En un evento sobre el plan de infraestructura de la administración, el presidente de los Estados Unidos, Joe Biden, dijo a los periodistas: "Tengo entendido que el gobierno chino, no muy diferente al gobierno ruso, no está haciendo esto por sí mismo, sino que está protegiendo a quienes lo están haciendo que sean capaces de hacerlo".
A la portavoz de la Casa Blanca, Jen Psaki, se le preguntó más tarde en su sesión informativa diaria por qué Biden no culpó directamente al gobierno chino en su respuesta a la pregunta de un periodista.
"Esa no era la intención que estaba tratando de proyectar. Se toma la actividad cibernética maliciosa increíblemente en serio", dijo Psaki.

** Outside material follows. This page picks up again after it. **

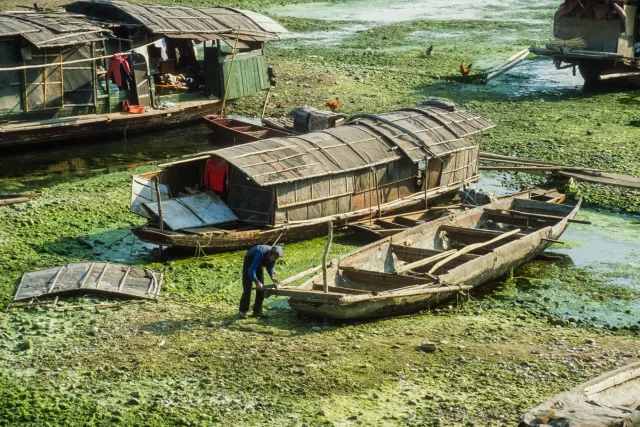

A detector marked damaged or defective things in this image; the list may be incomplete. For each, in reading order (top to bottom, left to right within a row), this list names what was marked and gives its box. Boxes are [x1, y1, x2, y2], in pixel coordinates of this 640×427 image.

rusty metal sheet [142, 191, 238, 231]
rusty metal sheet [14, 262, 161, 302]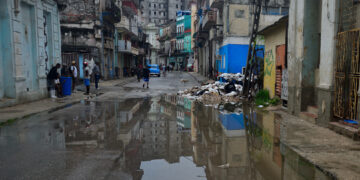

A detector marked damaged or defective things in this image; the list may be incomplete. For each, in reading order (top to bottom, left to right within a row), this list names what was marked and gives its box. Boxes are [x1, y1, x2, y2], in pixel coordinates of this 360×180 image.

Psaki también dijo que la Casa Blanca no diferencia entre Rusia y China cuando se trata de ataques cibernéticos.
"No nos estamos reprimiendo, no estamos permitiendo que ninguna circunstancia o consideración económica nos impida tomar acciones... también nos reservamos la opción de tomar acciones adicionales", dijo.
Si bien una serie de declaraciones de las potencias occidentales representa una alianza amplia, los expertos cibernéticos dijeron que la falta de consecuencias para China más allá de la acusación de Estados Unidos era conspicua. Hace apenas un mes, las declaraciones de la cumbre del G7 y la OTAN advirtieron a China y dijeron que representaba una amenaza para el orden internacional.
Adam Segal, un experto en ciberseguridad del Consejo de Relaciones Exteriores de Nueva York, calificó el anuncio del lunes como un "esfuerzo exitoso para lograr que amigos y aliados atribuyan la acción a Beijing, pero no muy útil sin un seguimiento concreto".
Algunas declaraciones de circunspecto
Algunas de las declaraciones del lunes incluso parecieron tirar golpes. Si bien Washington y sus aliados cercanos, como el Reino Unido y Canadá, responsabilizaron directamente al estado chino del pirateo, otros fueron más circunspectos.
La OTAN simplemente dijo que sus miembros "reconocen" las acusaciones formuladas contra Beijing por Estados Unidos, Canadá y el Reino Unido. La Unión Europea dijo que estaba instando a los funcionarios chinos a controlar las "actividades cibernéticas maliciosas llevadas a cabo desde su territorio".
Estados Unidos fue mucho más específico, atribuyendo formalmente intrusiones como la que afectó a los servidores que ejecutan Microsoft Exchange a principios de este año a los piratas informáticos afiliados al Ministerio de Seguridad del Estado de China. Microsoft (MSFT.O) ya había culpado a China.
Funcionarios estadounidenses dijeron que el alcance y la escala de la piratería atribuida a China los había sorprendido, junto con el uso por parte de China de "piratas informáticos criminales" que, según Blinken, llevan a cabo tanto actividades patrocinadas por el estado como delitos cibernéticos para su propio beneficio financiero.